PROBLEM REQUIREMENTS: The reply should hold only the lines below beginning at the one with "at sports center" and ending at the one with "Close-up of a", copied exactly, with every picture left out.

SUPPLIED DATA:

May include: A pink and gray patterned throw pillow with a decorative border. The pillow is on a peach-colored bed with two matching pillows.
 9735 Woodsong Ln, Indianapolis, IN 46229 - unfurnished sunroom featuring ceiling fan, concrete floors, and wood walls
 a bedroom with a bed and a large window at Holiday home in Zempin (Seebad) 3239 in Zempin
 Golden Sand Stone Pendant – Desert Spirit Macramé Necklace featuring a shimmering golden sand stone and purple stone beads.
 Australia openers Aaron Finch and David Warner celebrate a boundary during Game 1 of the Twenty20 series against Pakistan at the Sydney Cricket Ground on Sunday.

--

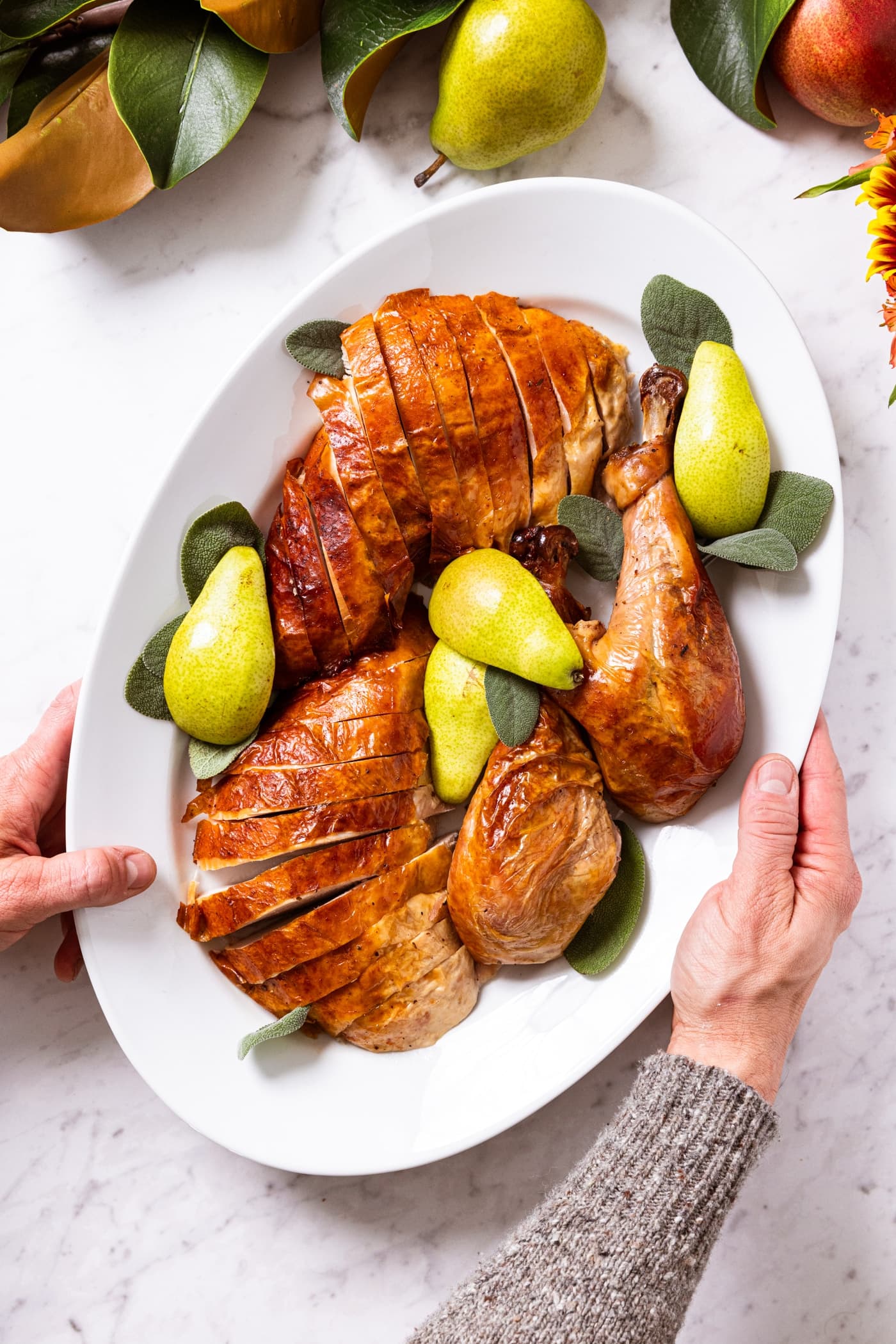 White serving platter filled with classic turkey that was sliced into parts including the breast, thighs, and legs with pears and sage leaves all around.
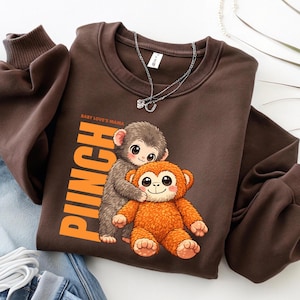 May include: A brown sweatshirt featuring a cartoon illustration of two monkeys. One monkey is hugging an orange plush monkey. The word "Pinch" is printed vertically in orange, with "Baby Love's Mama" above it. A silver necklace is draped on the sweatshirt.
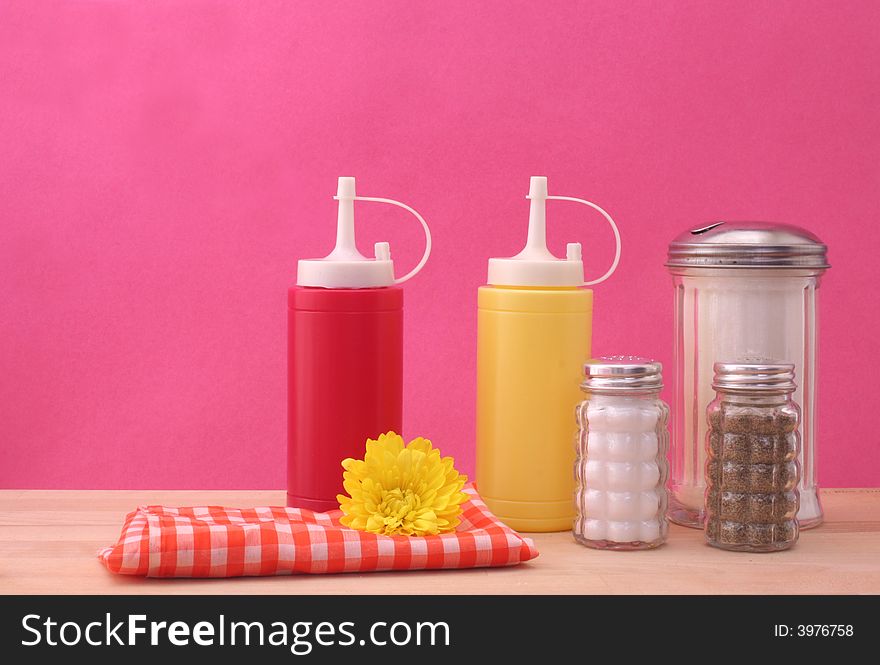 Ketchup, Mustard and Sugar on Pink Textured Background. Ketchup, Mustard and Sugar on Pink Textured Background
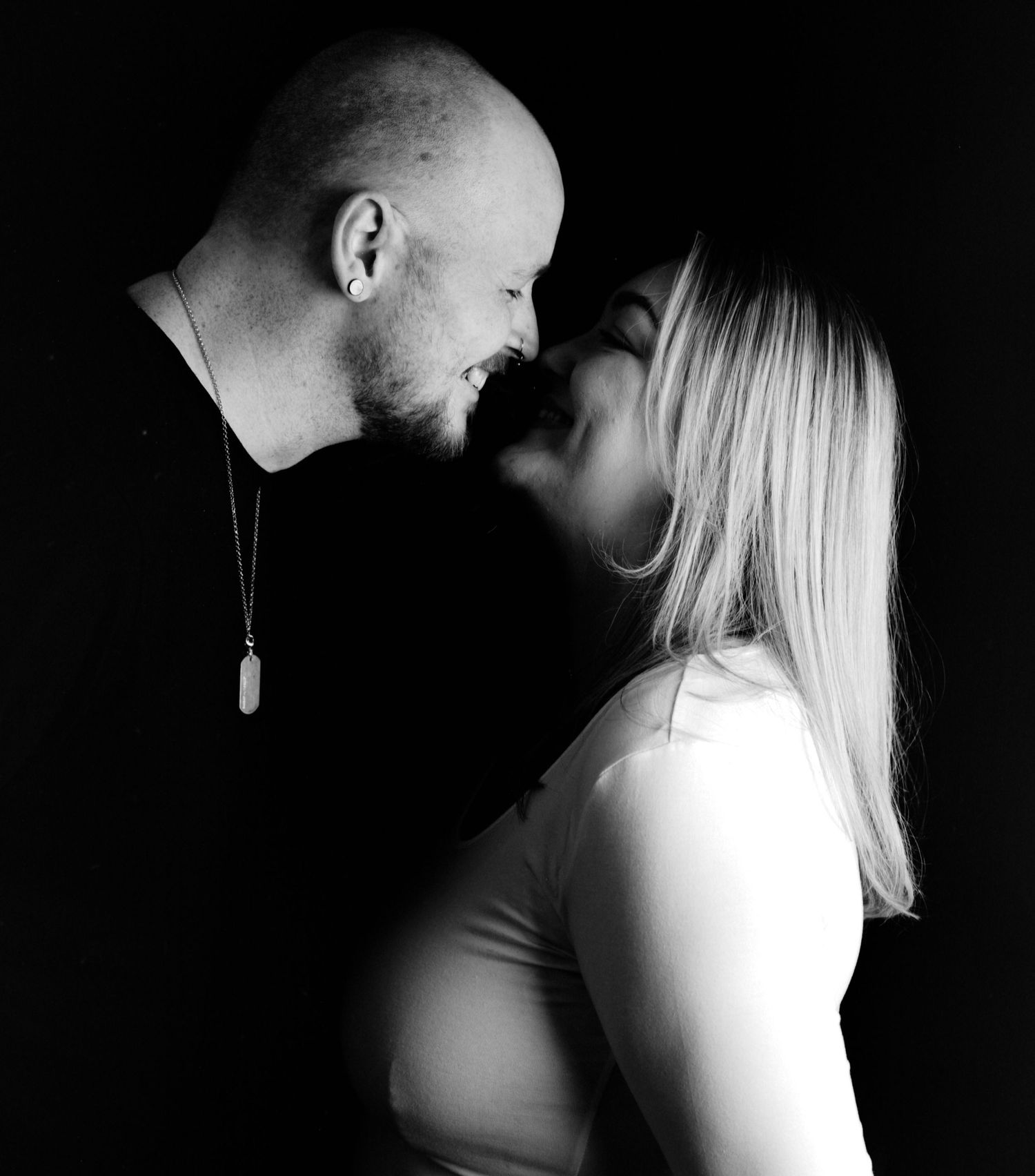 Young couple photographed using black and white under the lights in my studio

==

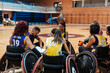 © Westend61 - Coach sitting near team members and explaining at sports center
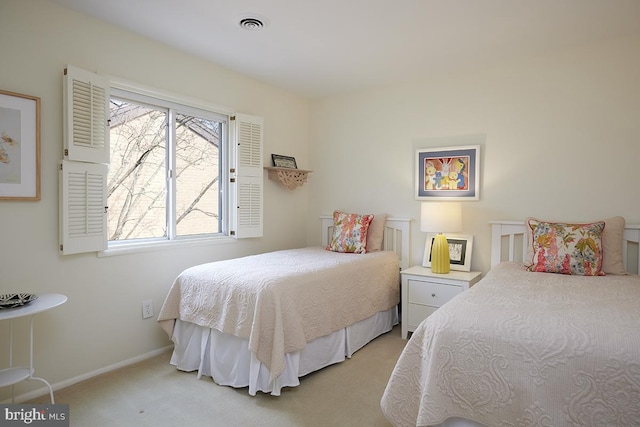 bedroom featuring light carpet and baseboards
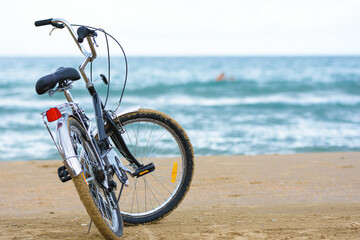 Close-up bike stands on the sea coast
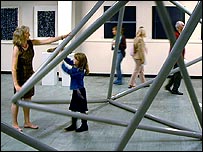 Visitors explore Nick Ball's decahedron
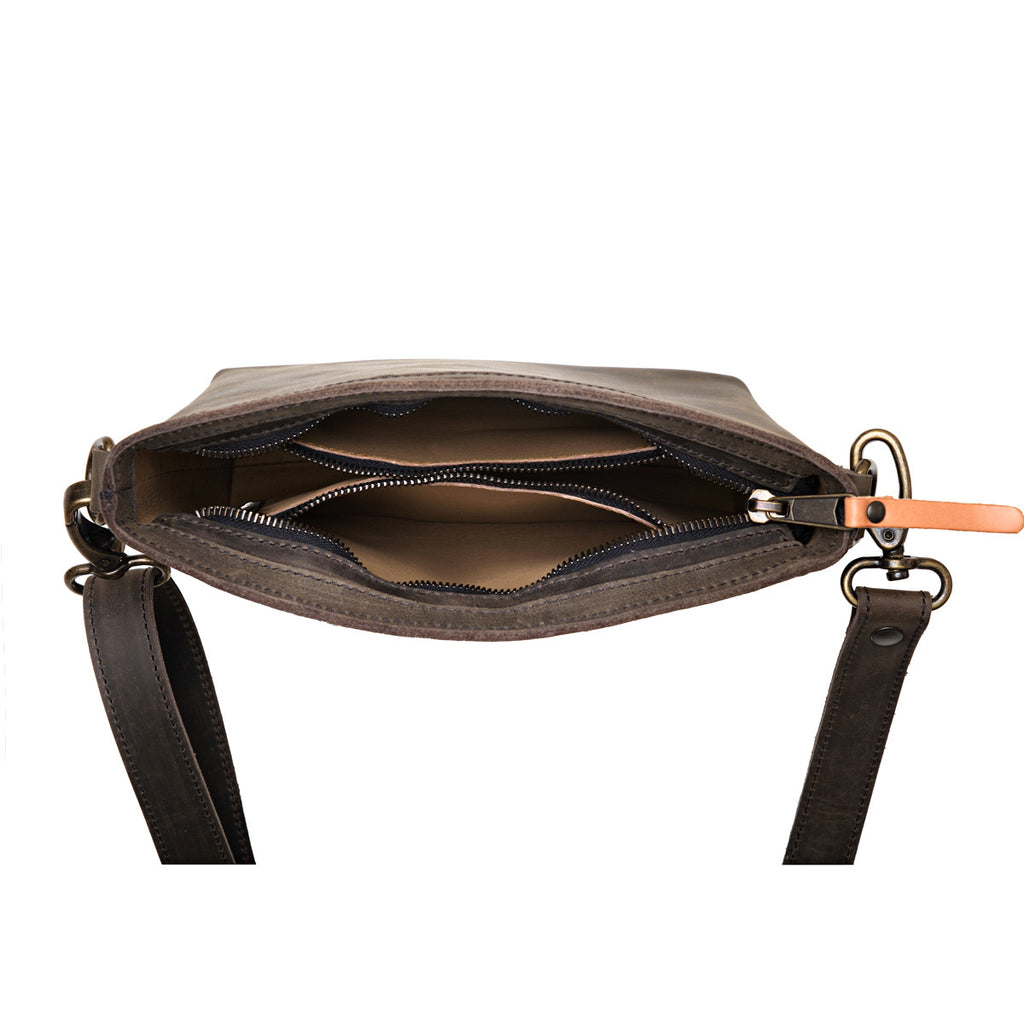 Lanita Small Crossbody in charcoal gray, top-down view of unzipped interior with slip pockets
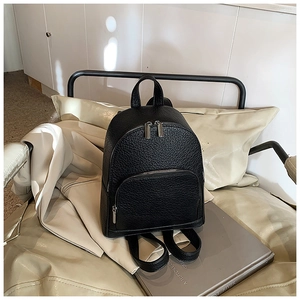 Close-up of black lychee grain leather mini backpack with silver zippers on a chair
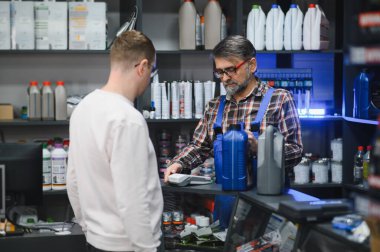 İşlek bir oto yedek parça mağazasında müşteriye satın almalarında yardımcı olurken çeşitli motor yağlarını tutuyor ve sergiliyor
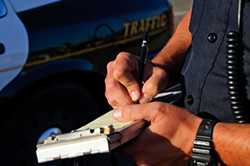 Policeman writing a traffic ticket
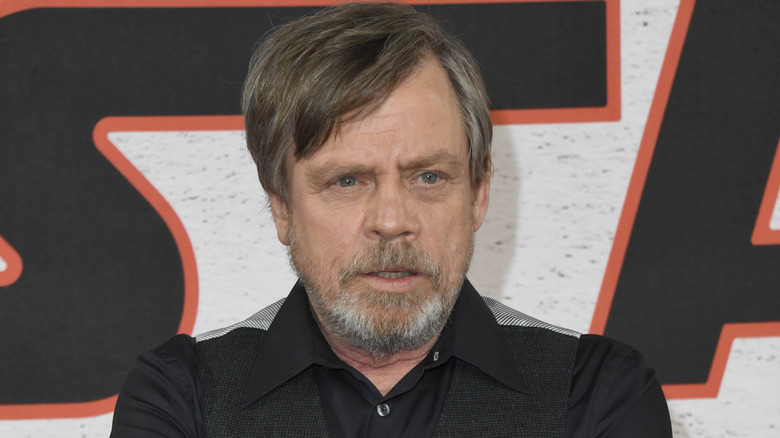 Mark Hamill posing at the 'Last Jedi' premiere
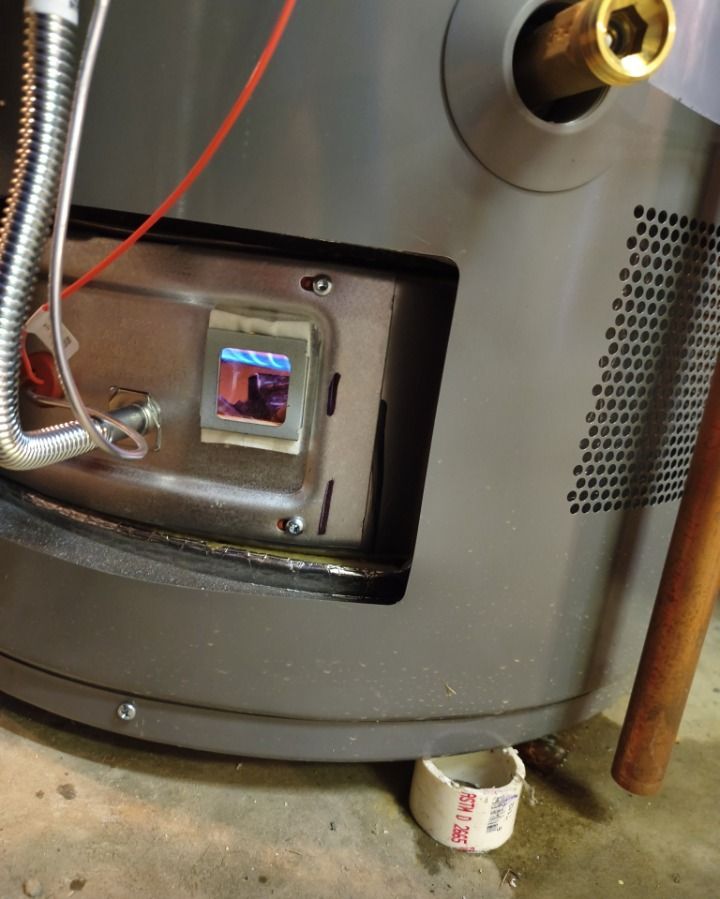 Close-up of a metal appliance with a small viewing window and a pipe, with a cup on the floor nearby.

EXERCISE RESPONSE:
 © Westend61 - Coach sitting near team members and explaining at sports center
 bedroom featuring light carpet and baseboards
 Close-up bike stands on the sea coast
 Visitors explore Nick Ball's decahedron
 Lanita Small Crossbody in charcoal gray, top-down view of unzipped interior with slip pockets
 Close-up of black lychee grain leather mini backpack with silver zippers on a chair
 İşlek bir oto yedek parça mağazasında müşteriye satın almalarında yardımcı olurken çeşitli motor yağlarını tutuyor ve sergiliyor
 Policeman writing a traffic ticket
 Mark Hamill posing at the 'Last Jedi' premiere
 Close-up of a metal appliance with a small viewing window and a pipe, with a cup on the floor nearby.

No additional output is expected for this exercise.